Instantiate single work object.

Parameters:: work_data (nested lists/dictionaries) – part of a loaded json data corresponding to a single work, as obtained from orcid’s API.

property path¶: Orcid path to the data.

property title¶: Work title.

property doi¶

The Work’s doi.

Returns:: the doi.
Return type:: str

property bibtex¶

Return the bibtex entry for self from source.

Parameters:

source (str, optional) – Equals ‘doi’. Defaults to ‘doi’.
future. (Other sources might be available in the) –

scrape_abstract()[source]¶: Scrape the work’s summary from the editor/journal’s site. Beware that you might need authorization from the editor/journal to use this functionality.

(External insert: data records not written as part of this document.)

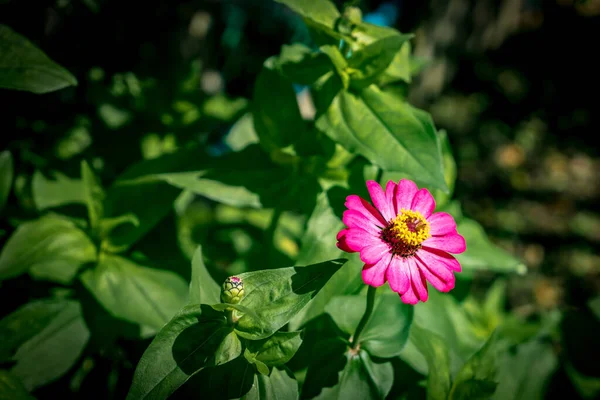 Rosa Blume Auf Grünem Blätterhintergrund — Stockfoto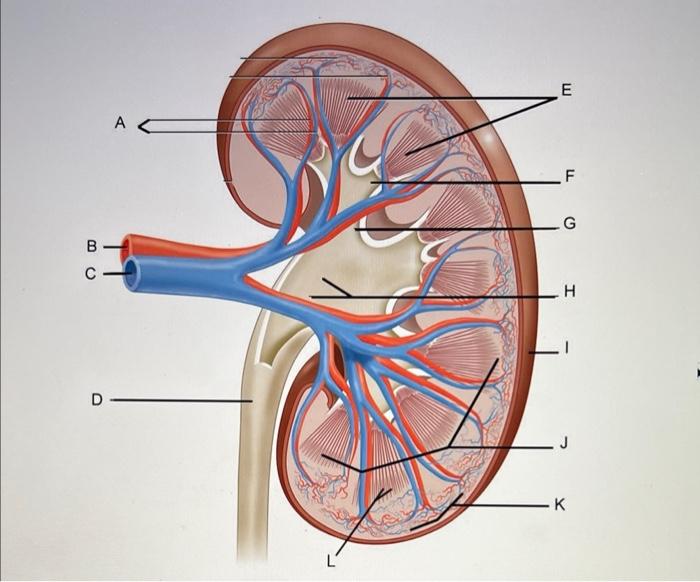 Solved - Capsule - Cortex - Interlobar arteries and veins | Chegg.com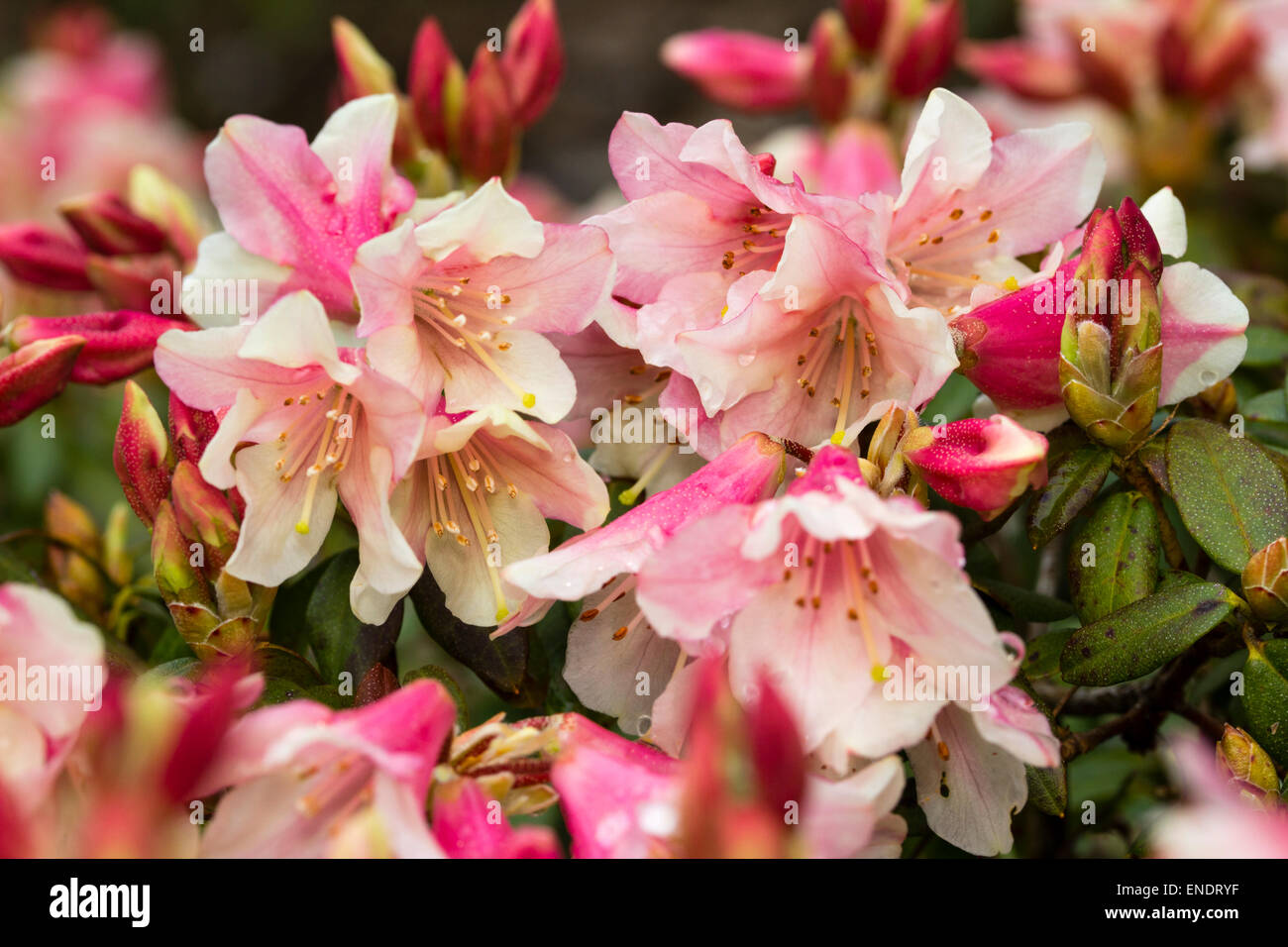 Spring flowers of Rhododendron 'Tree Creeper' Stock Photo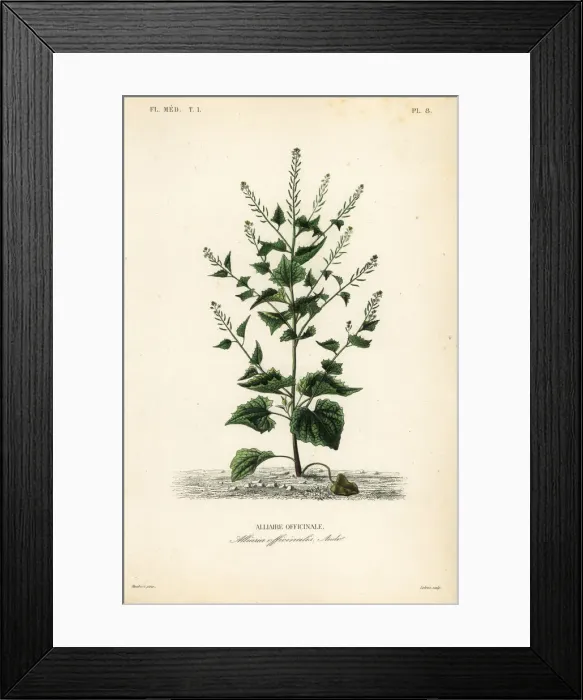 Framed Print : Jack-by-the-hedge, Alliaria petiolata Framed Print : Jack-by-the-hedge, Alliaria petiolata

class scibib.data_query.AuthorData[source]¶

A class to parse Orcid author entries.

Methods:

`__init__`(orcid_id)	Instantiator
`work_summary_from_arxiv`(orcid_work)	Match work with an arxiv entry to provide a summary.

Attributes:

`orcid_record`	The raw orcid record as a parsed json.
`arxiv_record`	The raw arxiv record as an atom feed.
`articles`	list of article entries in the author's Orcid entry.
`orcid_id_is_on_arxiv`	Check if the author associated his/her Arxiv with Orcid.
`arxiv_summaries_dic`	Return dict that maps arxiv_entries -> abstracts for the author.

__init__(orcid_id)[source]¶

Instantiator

Parameters:: orcid_id (str) – The author’s orcid id

property orcid_record¶

The raw orcid record as a parsed json.

Returns:: The raw orcid record as a parsed json (using json.load).
Return type:: list

property arxiv_record¶: The raw arxiv record as an atom feed.

property articles¶

list of article entries in the author’s Orcid entry.

Returns:: list of article entries, formatted as OrcidWork instances.
Return type:: list[OrcidWork]

property orcid_id_is_on_arxiv¶

Check if the author associated his/her Arxiv with Orcid.

Returns:: True if yes, False if no!
Return type:: bool

property arxiv_summaries_dic¶: Return dict that maps arxiv_entries -> abstracts for the author.

work_summary_from_arxiv(orcid_work)[source]¶

Match work with an arxiv entry to provide a summary.

Parameters:: orcid_work (OrcidWork) – the work that needs summary.
Returns:: The guessed summary
Return type:: str

The abstract_collector module¶

This module defines the main_paragraph function.

Functions:

main_paragraph(url)

From a web page, return the paragraph with the biggest length.

scibib.abstract_collector.main_paragraph(url)[source]¶

From a web page, return the paragraph with the biggest length.

Parameters:: url (str) – the url of the web page to treat.